Jagmeet Singh, leader of the left-wing NDP, is the first member of a visible minority to lead a major political party in Canada, but he will have to win a seat in a by-election on Monday before he can challenge Justin Trudeau’s premiership.
Singh is standing in a by-election in Burnaby South in the Vancouver metropolitan area, a crucial test for the New Democratic Party (NDP) leader ahead of October’s general elections. He is by no means a dead cert to win: at the last federal legislative vote, in 2015, the party won this seat by a mere 500 votes. And in Monday’s by-election, the two main parties, the centre-left Liberals and the Conservatives, have put up candidates against Singh, breaking with the tradition that other parties do not run candidates against leaders.
Canadian politics operates according to the Westminster model, in which the executive is drawn from the legislature – so party leaders must have a seat in the House of Commons before they can become prime minister.
He became leader of the New Democratic Party (NDP) in October 2017, winning a plurality of the vote in the first round, after capturing public attention by becoming the first turban-wearing Sikh to take a seat in a provincial parliament, in Ontario in 2011.
‘We need to rethink what it means to be secular’
Singh was born in 1979, to parents from India’s Punjab region. Fluent in Hindi and Punjab as well as Canada’s official languages English and French, he grew up in Newfoundland on Canada’s sparsely populated east coast, before his family moved to the town of Windsor, Ontario, just across the US border.
After being called to the bar in 2006, Singh worked as a defence lawyer in the Toronto area until his election to the Ontario legislature. He has credited this work – especially pro bono work for underprivileged clients – as inspiring him to enter politics.
Indeed, Singh’s political platform is focused on social democratic policies aimed at reducing poverty and inequality. Notably, he advocates increasing the national minimum wage to 15 Canadian dollars (10 euros) per hour, legalising possession of all drugs (on the grounds that “it is not a criminal justice problem” but “a social justice problem and a healthcare problem”) and the removal of tax deductions on higher-rate taxpayers.
The NDP leader has also attracted attention with his opposition to Quebec’s proposed ban on public sector workers wearing religious symbols – which would prevent him from wearing his turban if he worked for the state in the French-speaking province. In an interview with CBC, the Canadian public service broadcaster, Singh argued that “we need to rethink what it means to be secular”, and said he feels he can wear a turban to work while still following Canadian secularism. On a Québécois talk show he added that “my objective is never to convince someone else to accept my identity – it’s to convince people that I share the same progressive values as them”.
‘A very telegenic, easy-to-like guy’
Analysts say that Singh communicates his agenda with considerable charisma. “His leadership can be seen as refreshing. People saw him as this very telegenic, easy-to-like guy, who might be able to compete on the celebrity level with Trudeau,” Lori Turnbull, the director of the school of public administration at Dalhousie University, told the Guardian.

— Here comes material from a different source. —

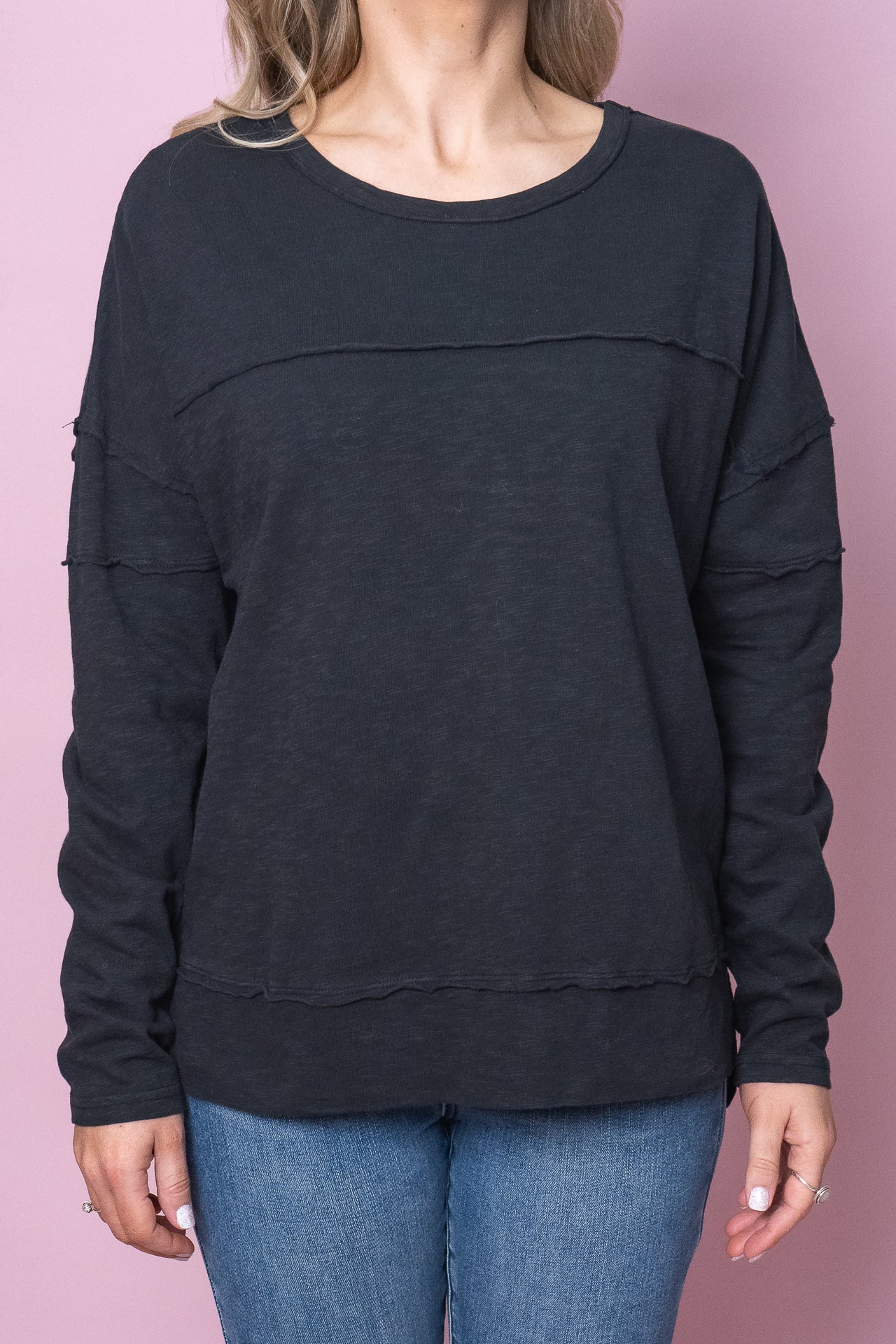 Jayne Throw On Top in Black - Foxwood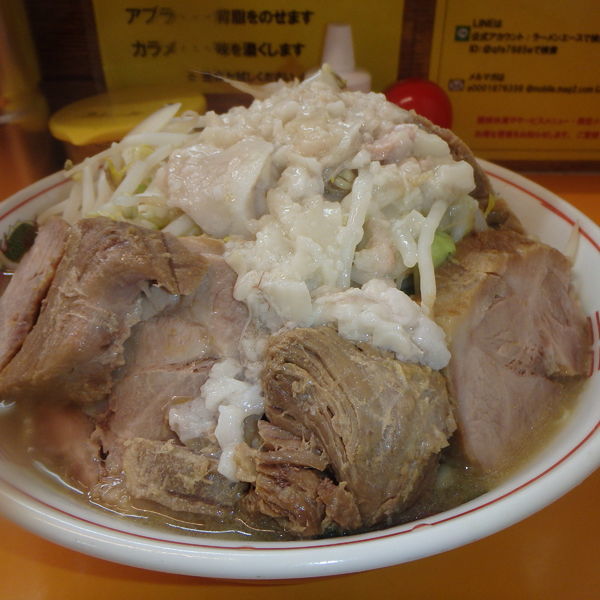「ブタ大ラーメン (900円)(ヤサイニンニクアブラ)他」@ラーメンエース 八王子店の写真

Yet – for all his charisma and forthright views on such issues as drugs and secularism – it seems likely that Singh will face a tough challenge in October’s general elections. An aggregate of voter intention surveys by specialist website Calculated Politics on February 21 predicts that the NDP will win a paltry 26 seats, compared to 156 for the Liberals and 141 for the Tories. By contrast, the New Democrats managed to win 44 seats in the 2015 elections.
In a column for Canadian daily the National Post, editorialist Chris Selley pointed out that the New Democrats’ may be polling poorly despite – not because of – Singh’s leadership: “The NDP has always been a party of contradictions not so much a big tent as a tent city. It’s supposed to be a party of both champagne socialists and farmers, of both autoworkers and environmentalists, of both staunch multiculturalists and Quebec nationalists.”
Selley also argued that “if Singh wins his seat, there is reason to hope he might grow into the job. To skeptics [sic] he evinces a distinctly Trudeauvian brand of superficiality, and a similar gift for quotes that land well but fall to pieces if you actually read them back. That hasn’t hurt Trudeau, though.”
Singh has vociferously called for a public inquiry over the SNC-Lavalin scandal, in which Trudeau has alleged to have pressured the justice minister – who subsequently resigned – to help the Montreal-based engineering firm avoid criminal prosecution on corruption charges. However, it remains to be seen whether the NDP leader can capitalise on this issue ahead of the October elections.